My Konundrum for this post is The Mystery of the Two-Sided Story. I’m excited about this one, because I’ve been seeing it in every avenue of my life lately—from the lunacy of this year’s presidential election to whether I should sell my books out of a box and get my whole royalty, or consign them to a book store, thus getting them out as actually purchased-by-someone-and-getting-me-toward-those-dreams-of-the-bestseller-lists, but only making maybe 99 cents per book. It’s a mystery.
So Two-Sided Story #1 is about Seaworld. Side #1 is the PETA side, whereby all creatures deserve to be free and in their own environment. I agree with this in many ways—especially because when it comes to animals and people, I often feel like the animals are much more innocent. Not that they don’t kill and eat other animals or have sex indiscriminately, but they do what they do with…with a purity of behavior that people don’t have.

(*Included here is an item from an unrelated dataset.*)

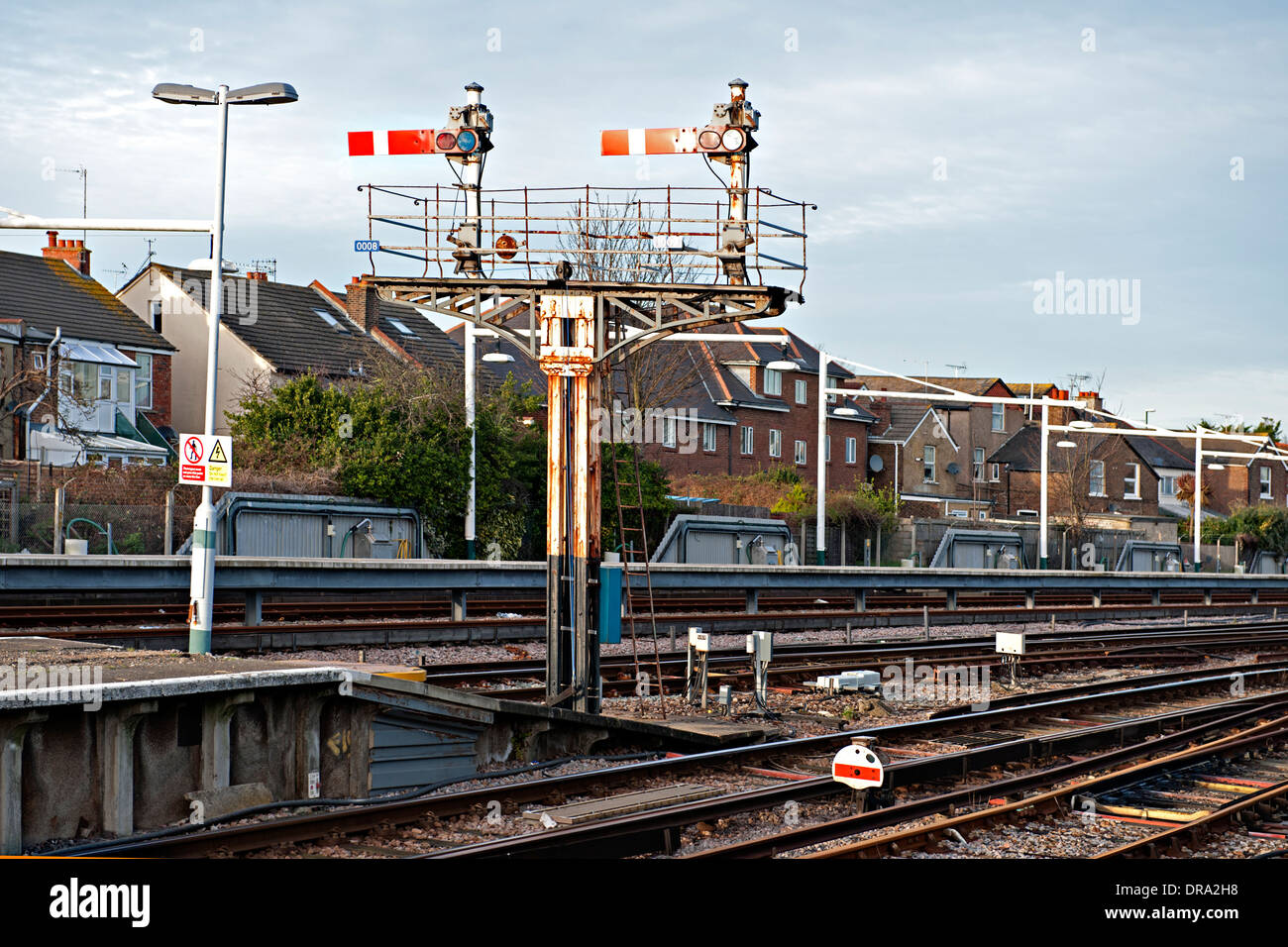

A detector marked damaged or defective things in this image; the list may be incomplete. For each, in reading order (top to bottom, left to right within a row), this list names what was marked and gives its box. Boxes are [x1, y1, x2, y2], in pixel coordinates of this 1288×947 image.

rusty signal post [342, 79, 804, 710]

I often say I like animals better than some people, and notice there’s no qualifier before animals. I like ALL animals, from the great white shark to the boa constrictor to the hugest mud-sucking hog to the MOSQUITO, for Pete’s Sake, than I like some people. I’m not going to name those people right now, but I’m sure some come immediately to mind. I can relate to PETA, and the recent decision from Seaworld to stop breeding their killer whales, to me in many ways seems like the right thing to do.

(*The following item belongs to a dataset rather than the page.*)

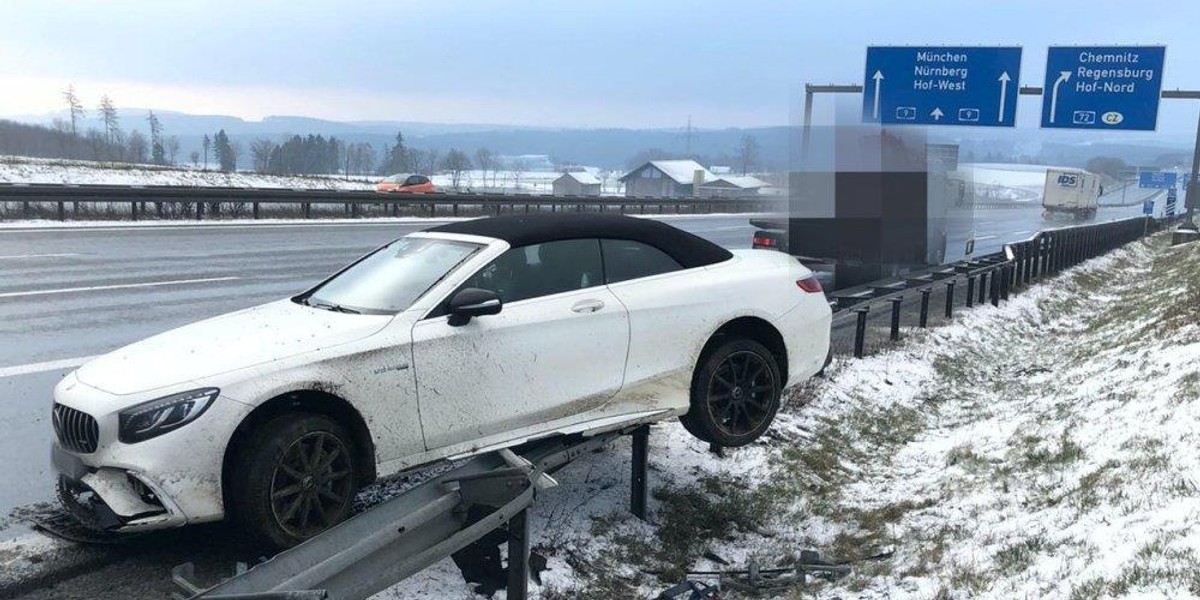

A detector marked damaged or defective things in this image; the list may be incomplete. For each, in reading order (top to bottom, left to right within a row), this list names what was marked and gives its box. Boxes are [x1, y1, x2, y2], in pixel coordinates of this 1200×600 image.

crashed car [49, 213, 836, 548]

But here is the second side, and it was emphasized about ten minutes ago when I saw a news program. Jack Hanna came to Seaworldtoday to give a talk, and then they interviewed him about the Seaworld decision. He didn’t like it, because he feels our exposure to animals is part of what makes us better, more appreciative, more human. Seeing animals up close is an amazing thing, and he fears for the generations that will miss out on that possibility once the killer whales are gone.
I’ve lived in San Diego since 2011, and I think my two little boys have seen the Shamu show fifty times. I understand both sides of this two-sided story with a special poignancy, because we’ve discussed the issue so many times—these organizations, the aquariums, the zoos, the circuses, they do keep animals in captivity, many of them in much smaller environments than they’d ever experience in the wild. But all of these organizations also, especially in this day and age, do a lot to help conserve wild places and protect endangered species and just get the word out—as Jack Hanna told us. Whether they are doing these things for positive publicity for their businesses or not, they are doing a lot of good things for animals.
See? I don’t know where I stand on the two (or many) sides to this story. It’s a mystery.